Automated security tooling can help, but the study indicates that it should complement, not replace, human judgment. Integrating static application security testing and dynamic analysis into agent workflows can catch some classes of issues that unit tests miss. Still, these tools are most effective when used alongside a secure design process that considers possible attack vectors before code is written.

Organizations that rely only on unit tests as a gate for agent-generated patches risk accumulating hidden security debt. Because SUSVIBES shows that many "working" patches remain exploitable, teams may see short-term productivity gains while pushing more vulnerabilities into production, where they are harder and more expensive to correct later.

One practical response is to treat AI-generated patches as first drafts that require the same level of review as contributions from a new team member. Over time, teams can refine guidelines about where agents are trusted, which components are off-limits, and how to combine agent assistance with established secure coding practices.

Open Questions for Tool Builders and Researchers

The SUSVIBES work also raises research questions about how to align agent behavior with security objectives. One direction involves multi-objective training or fine-tuning that rewards both functional correctness and the absence of vulnerabilities, rather than focusing mainly on passing tests or matching human code on surface metrics.

Another possibility is reinforcement learning that uses feedback from vulnerability scanners or formal checks as part of the training signal. In such a setup, an agent would be penalized not just for failing a unit test, but also for introducing patterns that tools identify as security risks. The paper suggests that methods along these lines could help agents internalize secure coding norms over time.

Sandboxed execution environments are a further area of interest. By running agent-generated code in isolated containers with instrumentation, systems could observe real behavior under a range of inputs and detect security-relevant anomalies during the generation process. This might make it easier to identify dangerous interactions that static analysis alone misses.

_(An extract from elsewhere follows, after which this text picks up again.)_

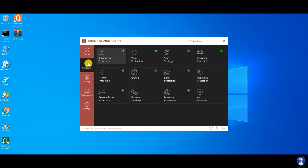Quick Heal offers ransomware protection, virus protection, malware protection, browsing protection, firewall protection, IDS/IPS protection, email protection, USB protection, and external drive protection, etc.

Finally, the authors point to the value of more comprehensive benchmarks that reward defense in depth rather than just test passing. SUSVIBES itself is framed as a step in this direction, focusing explicitly on the gap between functionality and security in realistic tasks. Future benchmarks could expand coverage to more domains, languages, and deployment environments to capture additional classes of risk.

A Cautious Path Forward for Vibe Coding

The main lesson from SUSVIBES is that functional success by current coding agents does not imply safe behavior. In many tasks, the agents achieve the requested feature and satisfy existing tests while leaving code in a state that remains vulnerable to known attack techniques. For teams that rely heavily on automated tools, this gap can be easy to overlook.

As organizations experiment with vibe coding workflows, the study suggests that they should pair these tools with strong security processes rather than expecting the agents to enforce those norms on their own. That includes investing in reviewer education, updating development guidelines to address AI-generated changes, and maintaining layered defenses in production systems.

Over time, improvements in model training, agent design, and benchmarking may narrow the gap between functionality and security. Until then, treating agent output as a starting point that still requires human security review appears to be the most prudent approach. The SUSVIBES results indicate that speed gains from current coding agents come with a responsibility to manage the security risks they can inadvertently introduce.